Metallomics ( IF 2.9 ) Pub Date : 2020-07-02 , DOI: 10.1039/d0mt00083c
Jayant Patwa 1 , Ashima Thakur 2 , Abha Sharma 2 , S J S Flora 1
Affiliation  

Introduction: copper dyshomeostasis has long been linked with several neurodegenerative disorders. The binding of Cu with amyloid beta and other neuronal proteins in the brain leads to the generation of oxidative stress, which eventually causes neurotoxicity. Method: the present study was aimed at elucidating the efficacy of monoisoamyl 2,3-dimercaptosuccinic acid (MiADMSA) and D-penicillamine (DPA) (0.3 mEq kg−1, oral administration for 2 weeks) against Cu(II)-induced (20 mg kg−1, oral administration for 16 weeks) neurotoxicity in Sprague-Dawley (SD) rats. Results: we observed that the MiADMSA treatment modulated the altered oxidative and nitrosative stress parameters, antioxidant enzymes, and acetylcholinesterase (AChE) activity. Significant improvements were noticed in the neurobehavioral parameters except for the memory parameter. We also observed moderate improvement of memory impairment in the rats treated with MiADMSA and DPA post Cu(II) exposure, as assessed by a passive avoidance test. Disease progression involves multiple factors and results in the up-regulation of intra and extracellular proteins such as amyloid beta and tau proteins; the expressions of these proteins were significantly reduced by the treatment proposed in our study, and these results were confirmed by ELISA and qRT-PCR. The expression of caspase-3 was higher in Cu(II)-exposed rats, whereas it was lower in the MiADMSA-treated group.
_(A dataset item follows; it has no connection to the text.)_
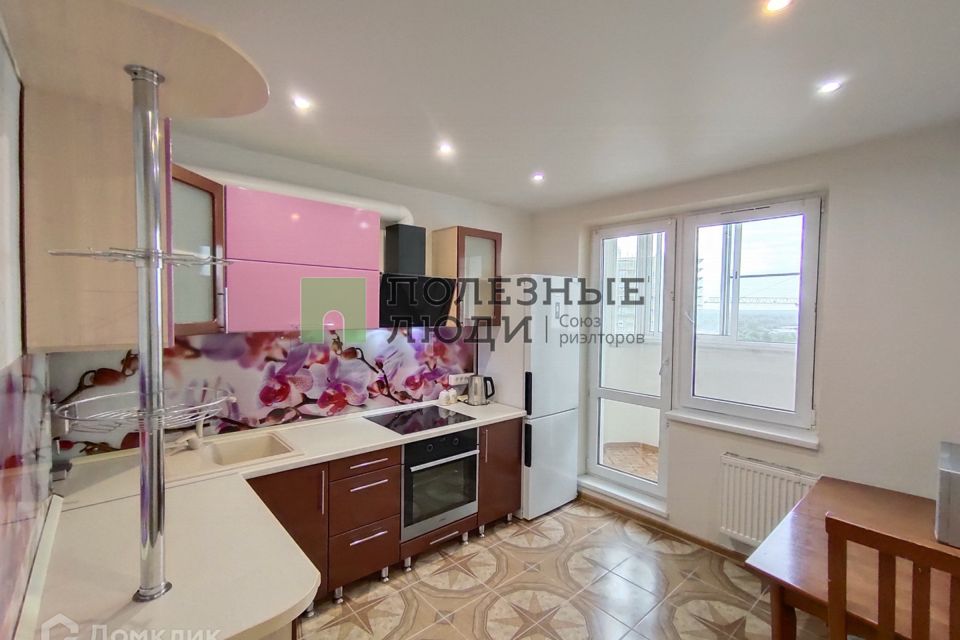 Продаётся 2-комнатная квартира, 60 м²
The proposed treatment reduced the copper-induced histological changes in the cortex and hippocampus regions of the brain. Conclusion: it can be summarised from the present study that MiADMSA is effective in reducing Cu(II)-induced oxido-nitrosative stress, antioxidant defense enzymes, neurobehavioral changes, neuronal markers, apoptotic markers, and their genetic expressions. We conclude that chelation therapy using MiADMSA might be a promising approach for the treatment of copper-induced neurotoxicity.

中文翻译:

Monoisoamyl DMSA 通过降低 Sprague-Dawley 大鼠的 8-OHdG 水平、β-淀粉样蛋白和 Tau 蛋白表达来降低铜诱导的神经毒性。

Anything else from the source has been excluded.